■ **Provided data**:
++++++++

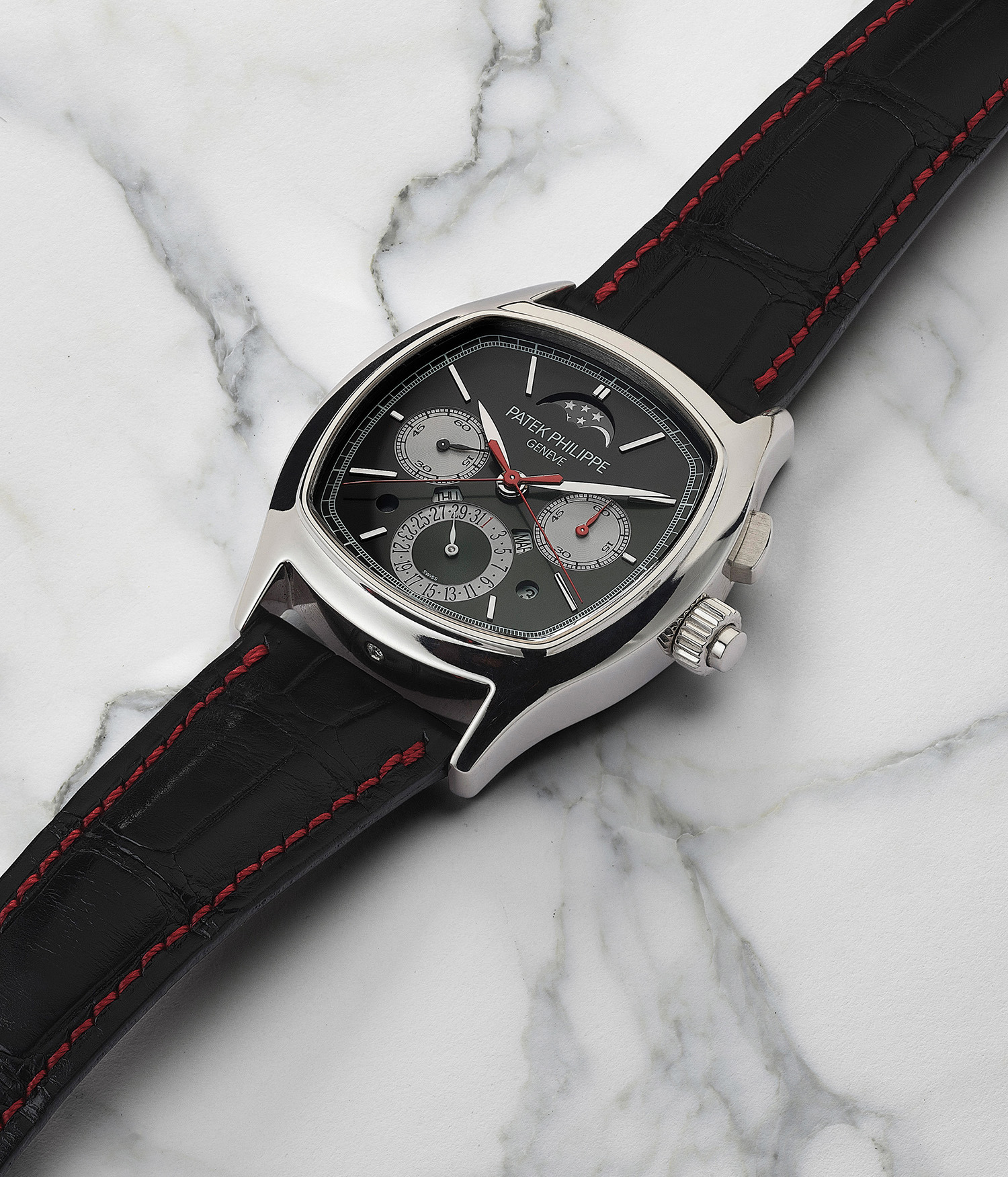 未使用　Patek Philippe ブラック レザーストラップ Patek Philippe 2023 pre-owned Calatrava 39mm | Black | FARFETCH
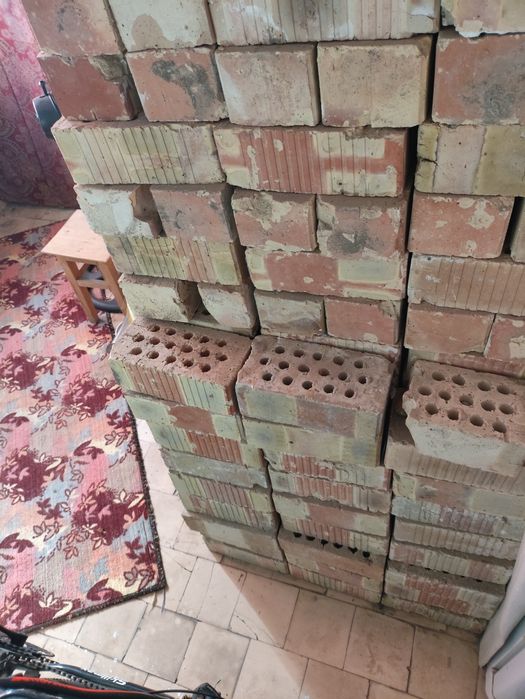 Продается кирпич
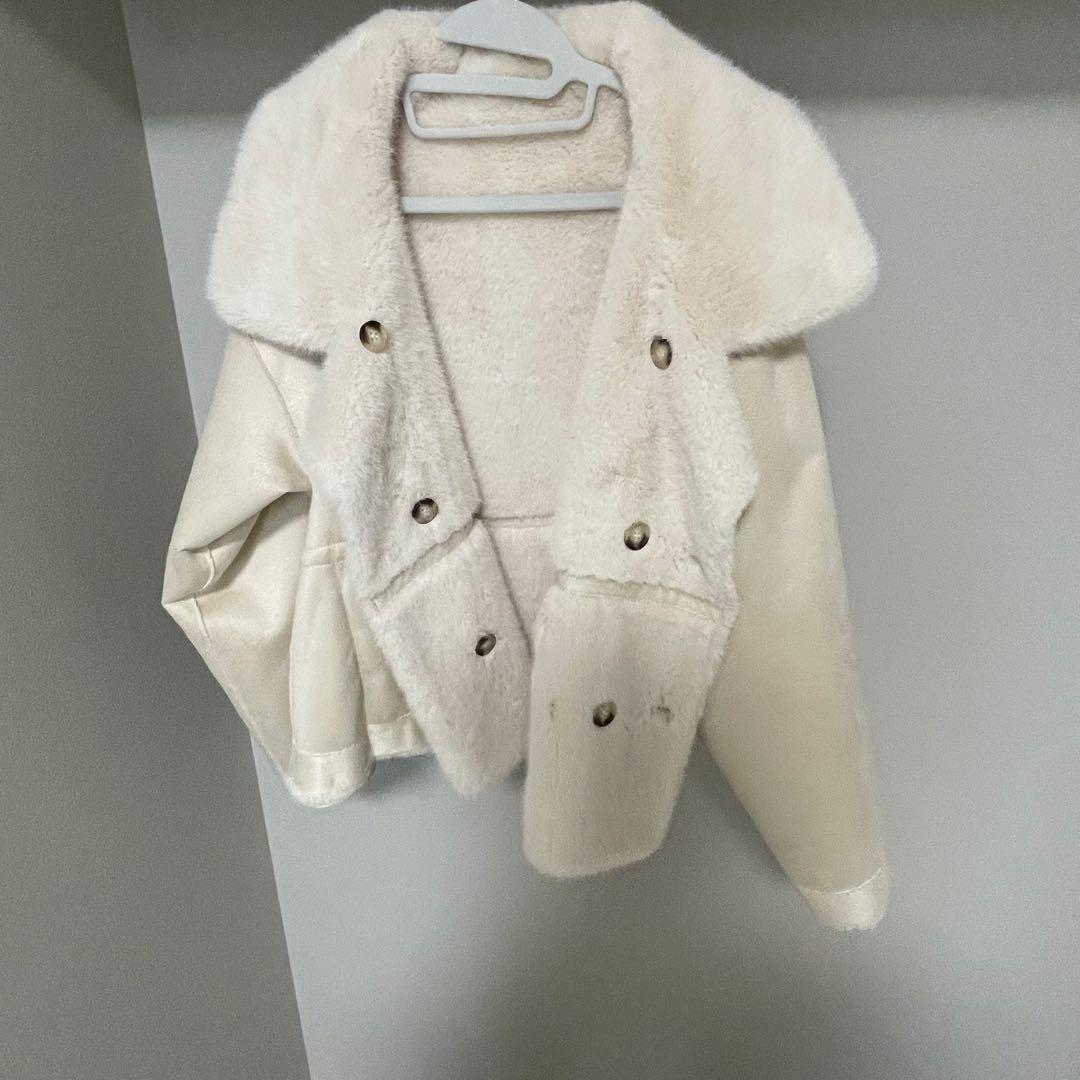 【美品】willfully ファーダブルブレストアウター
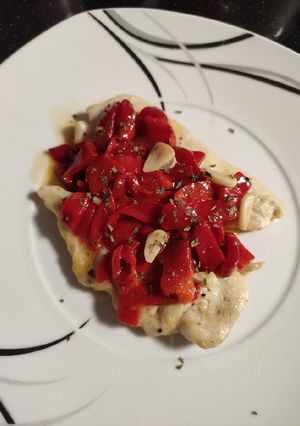 Una foto de Pechuga de pollo con pimientos del piquillo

++++++++

■ **Work to complete**:
The expected answer is the data retyped exactly, without pictures.

■ **Exercise solution**:
 未使用　Patek Philippe ブラック レザーストラップ Patek Philippe 2023 pre-owned Calatrava 39mm | Black | FARFETCH
 Продается кирпич
 【美品】willfully ファーダブルブレストアウター
 Una foto de Pechuga de pollo con pimientos del piquillo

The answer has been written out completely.